### Work to be completed
Each line below from the line with "Hey there! Welcome" to the line with "Make the most" must be copied exactly, including those two, and no picture may appear in the copy.

### Stored data
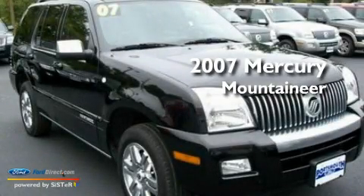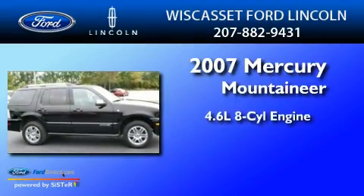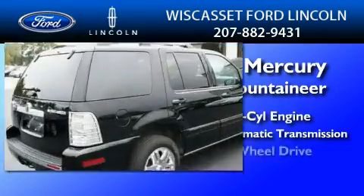This is a 2007 Mercury Mountaineer. It has a 4.6-liter, 8-cylinder engine, a 6-speed automatic transmission, and 4-wheel drive.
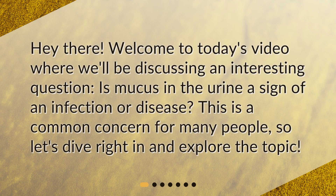Hey there! Welcome to today's video where we'll be discussing an interesting question: is mucus in the urine a sign of an infection or disease? This is a common concern for many people, so let's dive right in and explore the topic.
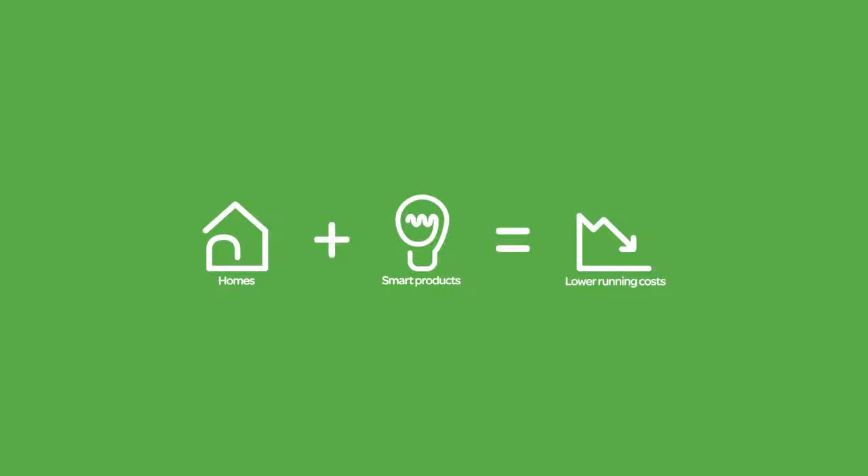Make the most of your energy and save money on electrical bills without compromising your lifestyle or the look of your home.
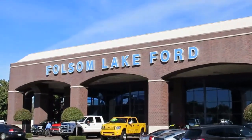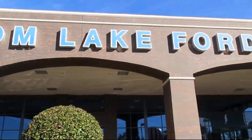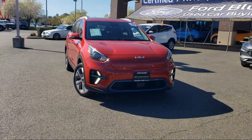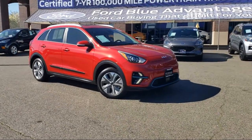For over 25 years, Folsom Lake Ford has been providing the Sacramento area with great deals and award-winning service. Here's a look at another Ford-certified vehicle from our huge selection of quality pre-owned cars, trucks, and SUVs, and it comes equipped with navigation,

### Answer section
Hey there! Welcome to today's video where we'll be discussing an interesting question: is mucus in the urine a sign of an infection or disease? This is a common concern for many people, so let's dive right in and explore the topic.
Make the most of your energy and save money on electrical bills without compromising your lifestyle or the look of your home.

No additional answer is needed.